Time is a recurring theme in Bartlett’s life. One analogy he uses is to think of his day as 24 roulette chips. Eight are devoted to sleep and the remaining 16 chips are the hours available to be placed on the ‘roulette table of life’.
The feeling of time is reinforced by the sight of a sand timer in the DOAC studio.
Bartlett explained: “I like to think in terms of first principles, which has served me well. What is the fundamental game here? It’s like sleep. The first thing to control if you want to have a good day is your sleep.
“At the most fundamental level it’s the allocation of my time that is going to determine if I have a good relationship, if I’m healthy, if I’m happy etc.
“It’s not about necessarily being extremely time efficient. That’s not how I think about it. The way I think about it is being extremely intentional.”
I was allocated 30 minutes for the interview but I was actually with Bartlett for 90 minutes.
Last year he told The Guardian newspaper he’d been diagnosed with overfocused ADHD, which means he can focus on things he enjoys, but struggles with things that don’t interest him.
Perfect Ted
A good example is his relationship with Perfect Ted, which is the UK’s leading matcha brand.
He initially invested £50k in the startup when they appeared on Dragons’ Den in 2023 and quickly invested another £1m.
Today Perfect Ted occupies a floor of Bartlett’s London offices and he speaks to the founders – Marisa Poster, husband Levi Levenfiche and his brother Teddie Levenfiche – at least once a day.
“When I first invested in Perfect Ted I sat down with them and said the reason I was investing in them was not because I’m excited about getting a big return – but I do think you’ll be very successful – it’s because I’m really going to enjoy the next couple of years getting to work with you every day,” he explained.
“Even last night they came down at about 12.30am, and I was at my desk, and we talked and joked about life for 30 minutes.
“We talked about business and some personal issues. I speak to them every single day.

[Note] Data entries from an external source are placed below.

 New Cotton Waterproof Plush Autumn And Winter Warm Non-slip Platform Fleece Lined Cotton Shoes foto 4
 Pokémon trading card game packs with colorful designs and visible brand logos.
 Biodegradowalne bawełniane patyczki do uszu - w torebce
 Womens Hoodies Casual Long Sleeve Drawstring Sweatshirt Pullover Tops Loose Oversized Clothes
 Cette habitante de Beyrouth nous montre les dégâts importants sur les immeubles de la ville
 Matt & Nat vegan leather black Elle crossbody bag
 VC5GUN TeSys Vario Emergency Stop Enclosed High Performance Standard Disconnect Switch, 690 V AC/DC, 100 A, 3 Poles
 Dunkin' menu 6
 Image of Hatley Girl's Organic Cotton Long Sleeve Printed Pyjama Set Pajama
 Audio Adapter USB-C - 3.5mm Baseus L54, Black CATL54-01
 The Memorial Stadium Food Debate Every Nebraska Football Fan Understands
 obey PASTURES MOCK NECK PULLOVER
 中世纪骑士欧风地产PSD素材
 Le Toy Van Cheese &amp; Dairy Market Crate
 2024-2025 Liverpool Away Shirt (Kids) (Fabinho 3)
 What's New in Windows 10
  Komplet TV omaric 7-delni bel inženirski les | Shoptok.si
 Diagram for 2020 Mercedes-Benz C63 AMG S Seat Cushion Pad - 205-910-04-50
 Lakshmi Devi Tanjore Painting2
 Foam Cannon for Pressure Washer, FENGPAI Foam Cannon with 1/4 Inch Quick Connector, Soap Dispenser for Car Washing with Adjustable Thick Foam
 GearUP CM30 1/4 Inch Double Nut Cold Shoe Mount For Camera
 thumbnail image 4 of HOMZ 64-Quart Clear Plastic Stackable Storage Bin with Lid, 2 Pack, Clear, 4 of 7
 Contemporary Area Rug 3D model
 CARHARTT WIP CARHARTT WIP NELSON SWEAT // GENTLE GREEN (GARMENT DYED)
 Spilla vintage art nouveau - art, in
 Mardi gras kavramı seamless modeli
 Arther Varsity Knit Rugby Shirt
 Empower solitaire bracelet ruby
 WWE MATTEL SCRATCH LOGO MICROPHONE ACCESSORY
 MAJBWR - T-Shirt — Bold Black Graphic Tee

“Is that the best use of my time? Not necessarily – but my framework for how to allocate that time isn’t just about return on investment. It’s return on life enjoyment and I really enjoy my life with them.”
Meteoric rise
By any metric, Bartlett’s rise has been meteoric, going from starting Social Chain to joining Dragons’ Den in just seven years.
Despite the new-found fame, Bartlett insisted his life couldn’t be simpler.
“I get up in the morning, I put my black outfit on and I come here,” he said. “I’ll try and go to the gym downstairs, I see my girlfriend, I see my dog and I go to sleep. My life is pretty much like that seven days a week.
“There’s things that pop in. At one time of the year I’m going to film Dragons’ Den but even then, when I’m at Dragons’ Den, my life follows the same pattern.
“I think I live a pretty insulated and simple life in the grand scheme of public attention.
Girlfriend’s opinion
“My circle of feedback is extremely private. If my girlfriend tells me she’s unhappy with me, it ruins my day. She knows me. When she’s unhappy, she’s right.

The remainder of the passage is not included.